⟨

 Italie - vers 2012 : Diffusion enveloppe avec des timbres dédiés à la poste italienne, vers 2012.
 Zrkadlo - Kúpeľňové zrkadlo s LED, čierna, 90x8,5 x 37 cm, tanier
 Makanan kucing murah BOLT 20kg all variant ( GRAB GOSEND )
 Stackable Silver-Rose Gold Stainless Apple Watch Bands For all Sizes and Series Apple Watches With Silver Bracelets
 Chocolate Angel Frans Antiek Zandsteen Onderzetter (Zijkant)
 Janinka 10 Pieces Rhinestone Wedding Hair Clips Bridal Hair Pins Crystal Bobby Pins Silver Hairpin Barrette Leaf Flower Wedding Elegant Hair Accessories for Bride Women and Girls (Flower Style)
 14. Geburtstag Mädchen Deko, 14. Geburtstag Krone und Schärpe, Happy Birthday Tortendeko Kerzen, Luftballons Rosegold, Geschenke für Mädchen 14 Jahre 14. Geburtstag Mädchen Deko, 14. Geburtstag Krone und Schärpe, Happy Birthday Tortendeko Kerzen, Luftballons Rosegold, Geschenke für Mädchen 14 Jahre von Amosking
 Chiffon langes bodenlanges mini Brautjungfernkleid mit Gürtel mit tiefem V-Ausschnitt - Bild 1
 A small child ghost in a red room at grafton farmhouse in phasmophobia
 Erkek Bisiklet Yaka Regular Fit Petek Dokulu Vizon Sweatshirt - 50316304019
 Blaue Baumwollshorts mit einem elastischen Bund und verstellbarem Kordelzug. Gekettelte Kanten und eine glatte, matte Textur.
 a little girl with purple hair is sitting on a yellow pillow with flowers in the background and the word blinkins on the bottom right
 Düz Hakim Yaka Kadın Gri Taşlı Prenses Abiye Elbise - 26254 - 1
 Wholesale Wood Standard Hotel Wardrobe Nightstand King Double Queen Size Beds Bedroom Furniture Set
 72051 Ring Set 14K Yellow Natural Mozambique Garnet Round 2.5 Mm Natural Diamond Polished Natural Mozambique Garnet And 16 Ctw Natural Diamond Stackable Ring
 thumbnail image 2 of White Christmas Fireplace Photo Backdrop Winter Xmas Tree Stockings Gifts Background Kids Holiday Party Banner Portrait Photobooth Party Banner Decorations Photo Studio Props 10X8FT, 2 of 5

⟩

What you are asked to do:
Copy out the lines above exactly, beginning at the one that contains "Chiffon langes bodenlanges" and ending at the one that contains "Erkek Bisiklet Yaka".

Written solution:
 Chiffon langes bodenlanges mini Brautjungfernkleid mit Gürtel mit tiefem V-Ausschnitt - Bild 1
 A small child ghost in a red room at grafton farmhouse in phasmophobia
 Erkek Bisiklet Yaka Regular Fit Petek Dokulu Vizon Sweatshirt - 50316304019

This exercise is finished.